A través de la propaganda, la manipulación y el miedo; el movimiento ecológico, elevado a dogma infalible amenaza, bajo el Acuerdo de Paris y la Agenda 2030 de Desarrollo Sostenible, con transformar de manera drástica nuestro estilo de vida, anular tiránicamente nuestros derechos fundamentales y destruir, a través de leyes inmorales, los mismos cimientos de nuestra sociedad. Desafortunadamente, el hombre de hoy, “autónomo y descreído” ha encontrado en la falsa superioridad moral que otorga el adherirse a la ideología ambientalista, una religión sincrética y universal que en su fanática soberbia cree que el mundo entero depende, no de Dios, sino de los pobres esfuerzos humanos. Por ello son varios, especialmente entre los más jóvenes, que están dispuestos para salvar al planeta: a sembrar y a abrazar árboles mientras arrasan con la ganadería en nombre de los derechos de los animales; a no tener hijos (así los tengan que asesinar antes de nacer) mientras adoptan mascotas a las que tratan como sus herederos; a dejar de comer carne, volverse veganos y hasta a comer insectos; a recorrer, en monopatín, las ciudades de 15 minutos (futuras prisiones voluntarias); a no tener nada y ser felices, pues siempre quedará el metaverso para hacer “realidad” los más extravagantes delirios.

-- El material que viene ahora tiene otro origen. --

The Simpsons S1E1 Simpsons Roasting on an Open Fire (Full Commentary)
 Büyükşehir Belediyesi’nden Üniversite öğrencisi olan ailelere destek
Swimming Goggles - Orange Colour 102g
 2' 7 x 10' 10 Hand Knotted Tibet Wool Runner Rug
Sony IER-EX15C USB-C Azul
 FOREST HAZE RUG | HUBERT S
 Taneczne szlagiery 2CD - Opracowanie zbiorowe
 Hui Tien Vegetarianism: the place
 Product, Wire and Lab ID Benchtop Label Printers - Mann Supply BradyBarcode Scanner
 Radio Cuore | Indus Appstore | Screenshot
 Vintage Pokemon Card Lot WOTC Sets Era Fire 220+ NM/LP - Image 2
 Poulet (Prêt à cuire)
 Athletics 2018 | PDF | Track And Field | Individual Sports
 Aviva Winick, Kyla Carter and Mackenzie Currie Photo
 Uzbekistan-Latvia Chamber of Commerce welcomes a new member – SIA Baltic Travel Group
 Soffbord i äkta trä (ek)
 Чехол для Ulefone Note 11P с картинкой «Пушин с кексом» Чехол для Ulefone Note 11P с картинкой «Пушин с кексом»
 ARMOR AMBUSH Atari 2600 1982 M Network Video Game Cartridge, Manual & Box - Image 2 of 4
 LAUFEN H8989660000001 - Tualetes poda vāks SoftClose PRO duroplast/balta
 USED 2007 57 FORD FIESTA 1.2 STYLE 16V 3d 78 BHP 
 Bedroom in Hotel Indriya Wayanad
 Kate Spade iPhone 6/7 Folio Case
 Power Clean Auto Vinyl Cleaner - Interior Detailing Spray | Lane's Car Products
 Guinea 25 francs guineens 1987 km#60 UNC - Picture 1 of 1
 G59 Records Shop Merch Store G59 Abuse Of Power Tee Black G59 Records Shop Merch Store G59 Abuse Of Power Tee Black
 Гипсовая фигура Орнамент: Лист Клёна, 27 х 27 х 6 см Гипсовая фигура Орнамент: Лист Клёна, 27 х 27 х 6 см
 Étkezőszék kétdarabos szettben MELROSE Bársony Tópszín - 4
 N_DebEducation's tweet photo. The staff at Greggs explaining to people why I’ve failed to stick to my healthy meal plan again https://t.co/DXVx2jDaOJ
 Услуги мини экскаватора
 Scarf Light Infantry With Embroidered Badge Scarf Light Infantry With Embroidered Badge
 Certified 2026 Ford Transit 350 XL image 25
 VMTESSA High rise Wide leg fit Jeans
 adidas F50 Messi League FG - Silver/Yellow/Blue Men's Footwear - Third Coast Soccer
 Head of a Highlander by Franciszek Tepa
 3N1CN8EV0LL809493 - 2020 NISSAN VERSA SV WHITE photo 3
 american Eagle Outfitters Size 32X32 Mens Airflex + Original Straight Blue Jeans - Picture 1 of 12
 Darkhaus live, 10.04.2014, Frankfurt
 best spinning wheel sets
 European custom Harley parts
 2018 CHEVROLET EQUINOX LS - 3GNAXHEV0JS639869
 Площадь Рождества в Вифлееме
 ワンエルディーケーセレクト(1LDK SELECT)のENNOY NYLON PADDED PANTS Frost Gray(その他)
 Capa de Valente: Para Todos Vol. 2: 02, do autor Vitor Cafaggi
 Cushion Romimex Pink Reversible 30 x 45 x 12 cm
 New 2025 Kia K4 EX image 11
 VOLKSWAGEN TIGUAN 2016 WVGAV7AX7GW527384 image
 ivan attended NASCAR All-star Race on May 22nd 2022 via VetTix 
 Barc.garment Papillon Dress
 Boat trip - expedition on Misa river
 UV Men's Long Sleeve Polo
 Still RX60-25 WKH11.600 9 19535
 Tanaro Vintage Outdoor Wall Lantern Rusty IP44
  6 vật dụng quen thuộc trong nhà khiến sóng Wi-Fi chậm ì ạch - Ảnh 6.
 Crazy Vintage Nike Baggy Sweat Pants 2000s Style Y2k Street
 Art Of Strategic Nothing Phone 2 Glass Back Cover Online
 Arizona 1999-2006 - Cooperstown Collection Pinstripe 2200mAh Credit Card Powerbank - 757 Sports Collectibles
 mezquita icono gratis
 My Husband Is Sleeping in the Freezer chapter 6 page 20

Nuestra rebelde sociedad, ha rechazado el lugar preponderante que Dios le dio al hombre al encomendarle la trascendental misión de procrear, multiplicarse, henchir la tierra; someterla y dominar sobre todo cuanto vive. En su lugar, ha adoptado como dogma una perversa ideología que reduce al hombre al nivel de un parásito peligroso que hay que limitar y hasta destruir.
El mayor problema que enfrenta actualmente nuestra sociedad no es el cambio climático, sino nuestra abierta rebelión a la ley de Dios. Despertemos ahora, que aún estamos a tiempo. Lo que está en juego no es el futuro del planeta, sino el nuestro y el de nuestros hijos. Recordemos que nuestro verdadero hogar es el cielo y enfoquemos nuestros esfuerzos en llegar a él. Busquemos primero el reino de Dios y lo demás (incluso el cuidado por la naturaleza) se nos dará por añadidura.